このいかにもアナログで膨大な手間暇のかかる作業から抜けることはできていません。
論理的アルゴリズムの発明が必要
これを打破するためには、根本的に新しいアルゴリズムの発明が必要となります。それには、ニューロンモデルがディープラーニングを産んだように人間の論理的思考回路の学習モデルをまず解明しなくてはなりません。
つまり、人間はある知識を記憶したあとにその知識に関する質問をされた場合、まずその質問内容を理解しようとし、理解が出来たら、あらかじめ記憶していた知識を思い出しながら、答えようとします。試験などはその典型的な行為です。
今のAIは質問内容を理解することはできたとしても、人間の「思い出す」という行為、つまり、記憶の中の該当する知識を選択し、質問内容に当てはめる行為をAIに自ら行わせるということはできないのです。考え方はとてもシンプルなのにAIが未だにできないなんて不思議ですね。
AIは記憶と計算は人間よりも優れていますが、「言語の意味」と「読解力」が不得手です。
東ロボくんも言葉の意味が苦手で東大を断念
2011年から2016年にかけて日本の国立情報学研究所(大学共同利用機関法人 情報・システム研究機構)が中心となって行われたプロジェクト「ロボットは東大に入れるか」において東京大学に合格できるだけの能力を身につけることを目標として「東ロボくん」の研究・開発が進められました。しかし、2015年6月の進研模試で偏差値57.8をマークするところまで成績を上げましたが、東大合格に必要となる読解力に問題があり、ビッグデータと深層学習を利用した統計的学習という現在のAI理論ではこれ以上の成績向上は不可能であり、何らかのブレイクスルーがない限りは東大合格は不可能と判断され、開発は凍結され、2016年11月に東京大学合格を断念したことが発表されました。
このAIにしても言葉の意味を理解した上で問題を解くというよりも、膨大なビッグデータの中から過去問などと照合させて最も近い答えを出すというアルゴリズムを適用させているため、本当にその問題を理解した上でAIが論理的な思考経路を辿って答えを導いたものではないということに注目してください。つまり、今のAIは論理的に100%の回答を出すアルゴリズムではなく、膨大なビッグデータの中から統計・確率的な手法で答えを出しているのです。そこには単に統計処理が行われているだけであって人間の思考方法とはかけ離れています。
AIが人間を超えるための必要条件
結局、AIに人間と同じように論理的思考をさせるためには、一つひとつの言葉の意味をしっかりと覚えさせ、読解力を養わせないと人間を超えることはできません。
人間は小学一年生から長い時間をかけて一つひとつの言葉の意味や基本的な文法を学んできました。
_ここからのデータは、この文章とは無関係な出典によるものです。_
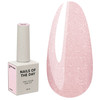 NAILSOFTHEDAY Cover Base NIEUW Formula 28 roze met zilveren glitter 10 ml - Фото №1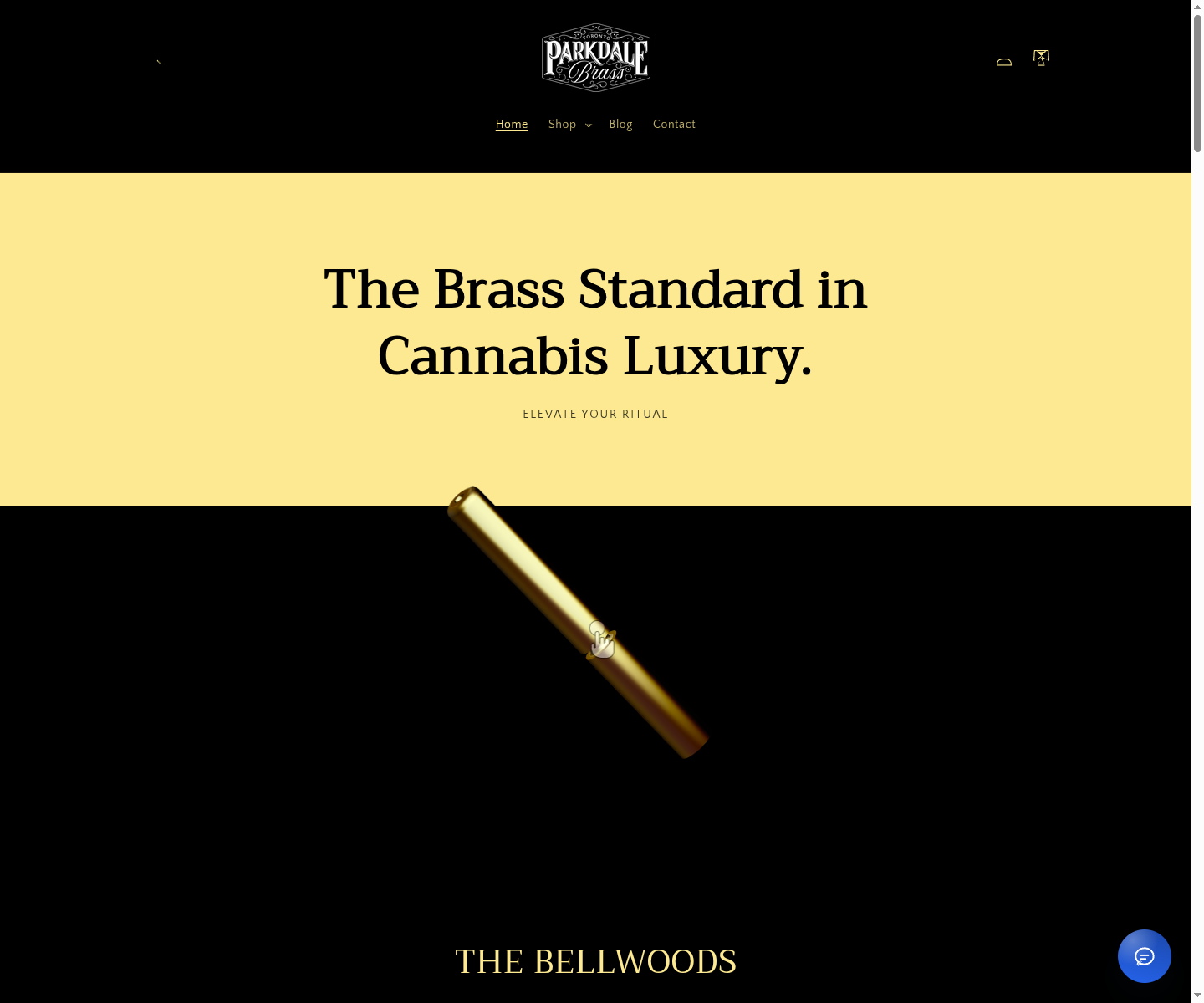Homepage screenshot for Parkdale Brass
AIには、まず、それらの基本的な国語の能力を身につけさせる必要があります。これは自然言語処理分野の研究課題となるでしょうが、早急にそのアルゴリズムを確立していただきたいものです。
その上で、膨大な知識データを利用して質問に対する回答を組み立てるアルゴリズムを発明する必要があります。
まとめ
人間が普段何気なく行っている「考える」という行為は、とてつもなく高度な行為であり、現在のAIには真似できないものです。今のAIが質問に対して答えている内容は人間があらかじめ用意した内容かまたはビッグデータの中にあるキーワードから統計的に処理してアウトプットしたものであり決してAIが論理的に考えて判断したものではありません。したがって、その回答には理由を付けることはできません。
この知識データを利用してAI自らがいろいろな事例を自己学習して、人間の質問に対してAI自らが論理的に考え、理由を付けて回答をアウトプットできれば、いろいろな場面で社会の役に立つものと思われます。